Gliomas are the most common malignant primary brain tumor that contribute to >50% of malignant primary brain tumor cases worldwide (1,2). Surgical intervention, postoperative radiotherapy and chemotherapy comprise the mainstay of treatment for patients with high-grade glioblastoma (GBM); however, the median survival rate remains relatively low at 12-15 months (3,4). Thus, more antitumoral treatments are required; therefore, further research must be performed into some of the most promising medicinal substances to develop further therapies to treat various types of cancer.

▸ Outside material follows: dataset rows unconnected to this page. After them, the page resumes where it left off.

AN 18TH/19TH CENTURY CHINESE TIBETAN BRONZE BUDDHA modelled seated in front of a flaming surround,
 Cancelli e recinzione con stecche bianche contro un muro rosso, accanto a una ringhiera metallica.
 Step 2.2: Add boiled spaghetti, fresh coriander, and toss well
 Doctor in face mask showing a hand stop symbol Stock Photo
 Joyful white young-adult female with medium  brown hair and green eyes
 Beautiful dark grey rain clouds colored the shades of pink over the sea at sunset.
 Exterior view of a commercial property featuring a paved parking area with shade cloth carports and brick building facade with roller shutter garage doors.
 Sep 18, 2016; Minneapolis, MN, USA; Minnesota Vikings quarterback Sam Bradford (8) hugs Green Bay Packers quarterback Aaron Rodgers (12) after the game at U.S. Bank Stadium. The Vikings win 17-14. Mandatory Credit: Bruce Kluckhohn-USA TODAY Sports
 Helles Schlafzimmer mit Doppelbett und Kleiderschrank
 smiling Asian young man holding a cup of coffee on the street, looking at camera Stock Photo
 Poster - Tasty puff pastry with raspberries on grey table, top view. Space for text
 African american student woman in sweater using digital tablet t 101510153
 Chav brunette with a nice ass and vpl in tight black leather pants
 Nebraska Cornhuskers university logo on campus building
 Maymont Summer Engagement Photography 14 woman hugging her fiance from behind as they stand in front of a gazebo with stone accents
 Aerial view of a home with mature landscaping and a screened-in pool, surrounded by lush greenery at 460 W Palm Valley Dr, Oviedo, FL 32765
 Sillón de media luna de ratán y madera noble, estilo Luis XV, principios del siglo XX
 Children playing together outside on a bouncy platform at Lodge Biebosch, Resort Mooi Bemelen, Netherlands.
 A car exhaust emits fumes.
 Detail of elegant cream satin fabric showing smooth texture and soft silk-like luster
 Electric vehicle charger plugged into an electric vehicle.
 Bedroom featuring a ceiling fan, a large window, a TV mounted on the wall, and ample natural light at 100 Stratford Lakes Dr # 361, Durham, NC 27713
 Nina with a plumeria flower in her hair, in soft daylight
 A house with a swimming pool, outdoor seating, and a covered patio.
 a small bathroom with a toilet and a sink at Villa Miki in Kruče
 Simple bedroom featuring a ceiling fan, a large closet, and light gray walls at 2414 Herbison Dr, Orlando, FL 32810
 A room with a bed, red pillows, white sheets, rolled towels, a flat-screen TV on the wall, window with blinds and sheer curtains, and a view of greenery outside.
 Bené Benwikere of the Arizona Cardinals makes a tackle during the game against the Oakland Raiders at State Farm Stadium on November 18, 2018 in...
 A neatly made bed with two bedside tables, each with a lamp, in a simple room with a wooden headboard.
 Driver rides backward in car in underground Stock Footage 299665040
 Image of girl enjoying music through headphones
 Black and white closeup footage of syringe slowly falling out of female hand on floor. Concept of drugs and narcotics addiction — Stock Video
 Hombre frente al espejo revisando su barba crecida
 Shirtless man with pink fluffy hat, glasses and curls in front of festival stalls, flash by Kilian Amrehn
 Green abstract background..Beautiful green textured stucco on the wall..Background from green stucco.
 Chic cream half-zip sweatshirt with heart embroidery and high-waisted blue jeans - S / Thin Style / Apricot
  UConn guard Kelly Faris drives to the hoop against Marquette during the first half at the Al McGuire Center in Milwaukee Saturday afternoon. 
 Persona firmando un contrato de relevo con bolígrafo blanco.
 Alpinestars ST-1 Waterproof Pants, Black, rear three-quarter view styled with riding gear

Considering the multi-directional differentiation potential and other biological characteristics of glioma stem cells (GSCs), researchers have focused on the use of GSCs for the treatment of high-grade GBM (5). It was demonstrated that GSCs share a metabolic pattern similar to that of other tumor cells (6). Even when GSCs receive sufficient oxygen, they remain highly dependent on glycolysis to maintain their energy supply and thereby achieve high proliferation and malignant invasion, similar to tumor cells (7-9). At present, the development of anticancer drugs mainly focuses on malignant tumor cell survival/proliferation-related pathways, aiming to inhibit tumor tissue growth by suppressing the proliferation and migration of malignant tumor cells and inducing cell apoptosis (10,11). Paclitaxel (PTX), among many promising medicinal substances, is a natural diterpenoid product used as a novel anticancer drug for patients with breast cancer, ovarian cancer, lymphoma and non-small cell lung cancer (12). Generally, PTX regulates cell cycle signal transduction and promotes microtubule polymerization, which triggers G2/M-phase arrest (13). Currently, research into the interactions between PTX and GSCs is limited to signaling pathways of glioma genesis, whereas the medicinal effect on the GSCs metabolism is yet to be uncovered.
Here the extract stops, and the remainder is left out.